The parliamentary elections that ended last week in a strengthening of the mandate of the Congress party and its political allies appear to have produced a difference in Manmohan's body language. In his initial meetings with the Indian media this week, he appeared more confident and assertive, as if casting off the more familiar look of a meek, lost, elderly professor caught in a wild Saturday night college party.
The mood of optimism as Congress emerged with a higher-than expected 205 seats in the Lok Sabha (Lower House), the most by any single party, was not confined to the free-market worshipping prime minister, the first premier in 45 years since Jawaharlal Nehru to win a second, consecutive five-year term.

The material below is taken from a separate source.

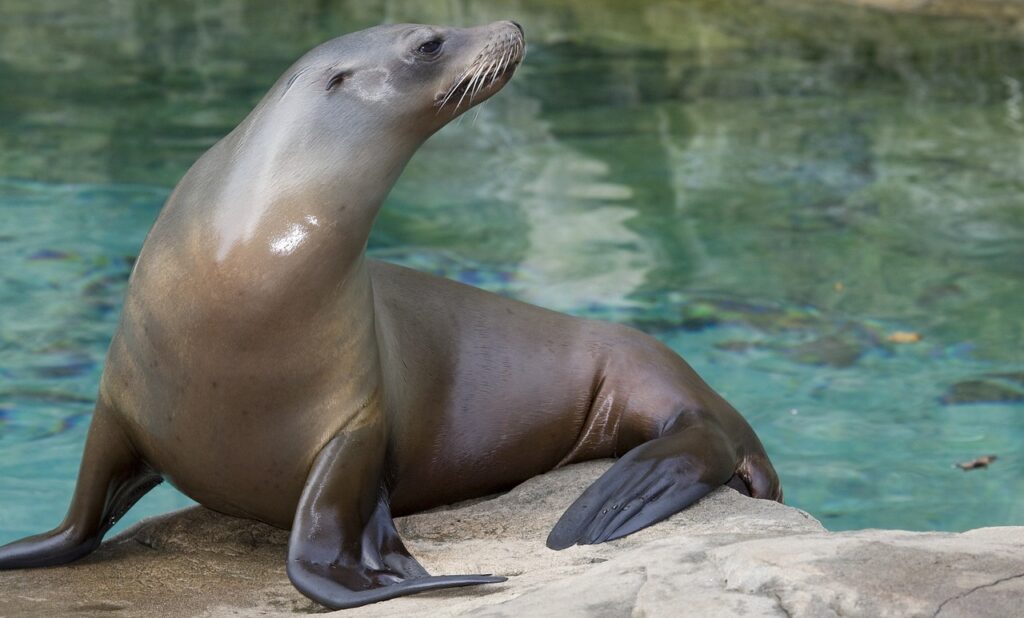 the north pacific sea lions, nature, steinmann sea lions-2403928.jpg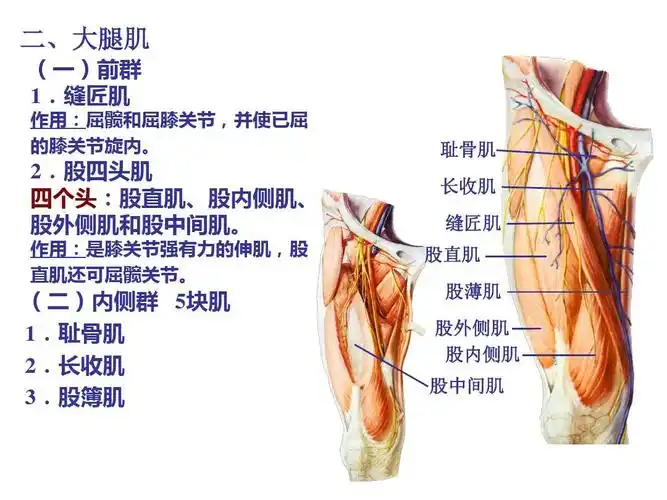 局部解剖学下肢ppt课件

"The election results are good for India," said a happy Fayaz Ahmed munching a sandwich during lunch hour outside the Bombay Stock Exchange (BSE) on Thursday. Like many in India, he was prepared to back his confidence in the new government with cash, as he envisages more money being ploughed into building roads, railways and other infrastructure developments.

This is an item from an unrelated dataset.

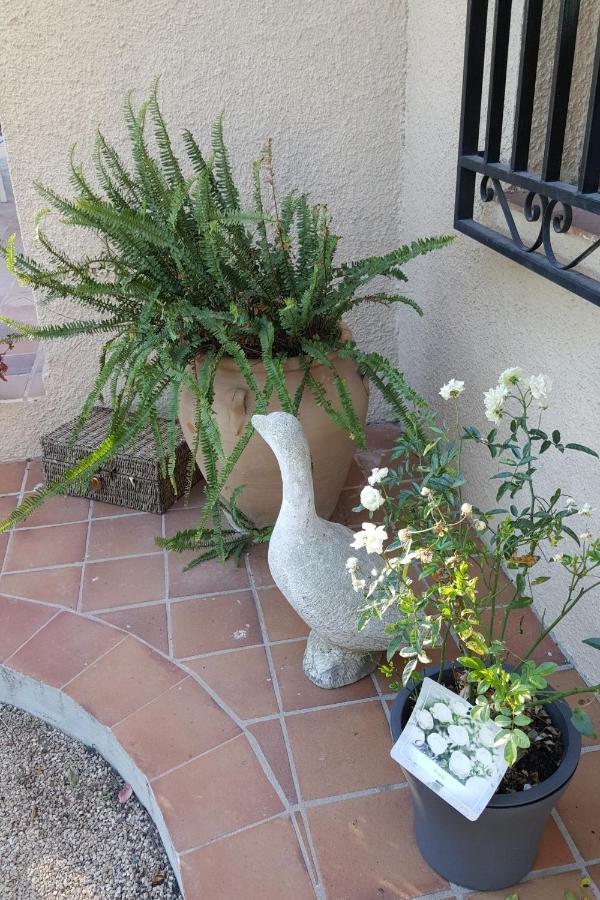 Casa Jetizo Bed & Breakfast Ontinyent Eksteriør bilde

"My investment portfolio has changed towards infrastructure - that is the best sector to invest in now." Some politicians clearly think along similar lines.

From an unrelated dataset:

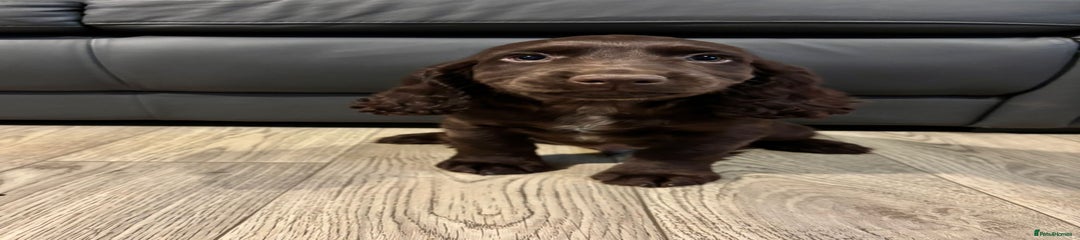 Cocker Spaniel Puppy 1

India is expected to spend more than US$500 billion in improving infrastructure in the coming years, and share prices of companies such as GMR Infrastructure have strengthened since the election results came in at the weekend - GMR hit a 52-week high of 171.30 rupees on Thursday.
Ahmed, a small investor who works with a leading exporter of agricultural products, said he made a nice profit after India voted to give Manmohan and the Sonia Gandhi-led United Progressive Alliance (UPA) another chance.
"I was very confident that the UPA would win," said Ahmed, who was part of a larger-than-usual crowd in the searing mid-summer heat on Thursday, staring up at the electronic ticker flashing details of the BSE Sensex index, which hovered under the 14,000-point mark.
Unlike in recent weeks, no grim faces could be seen on Dalal Street, home to the BSE and the heart of India's financial center in Mumbai. But there was no festive celebratory atmosphere either. The lunch-time crowd knew only too well that the Congress had still fallen short of a 272-seat majority in parliament and that coalition politics will continue to feature strongly.
This was already evident in the grab to get hold of infrastructure-related portfolios even before the government was due to be sworn in on Friday evening.
Muthuvel Karunanidhi, the 85-year-old Tamil Nadu chief minister and a Congress ally, brazenly demanded the railways, shipping, telecommunications, surface transport and power portfolios for his son, daughter and grand nephew.
This was a little too much for Congress leaders, who refused to treat India's infrastructure as the family property of a wily old politician. The demands were politely rejected, which left open the question of whether a sulking Karunanidhi will agree to his Dravida Munnetra Kazhagam party being part of the UPA government or support it from outside.
Manmohan does have some leeway in his appointments. On Wednesday, he submitted letters of support from 322 members of parliament to President Pratibha Patil to retain his prime ministerial job. The cushion of 40 extra MPs gives him more room to execute controversial open-market policies, such as freeing fuel prices from regulatory control and selling stakes in profitable government-owned companies.
The probability that the government will sell some of its stakes in government-owned companies, also called public sector companies, appeared so certain that share values of 46 of these jumped by between 10% and 20% on Monday, adding another $37.79 billion to their capitalization.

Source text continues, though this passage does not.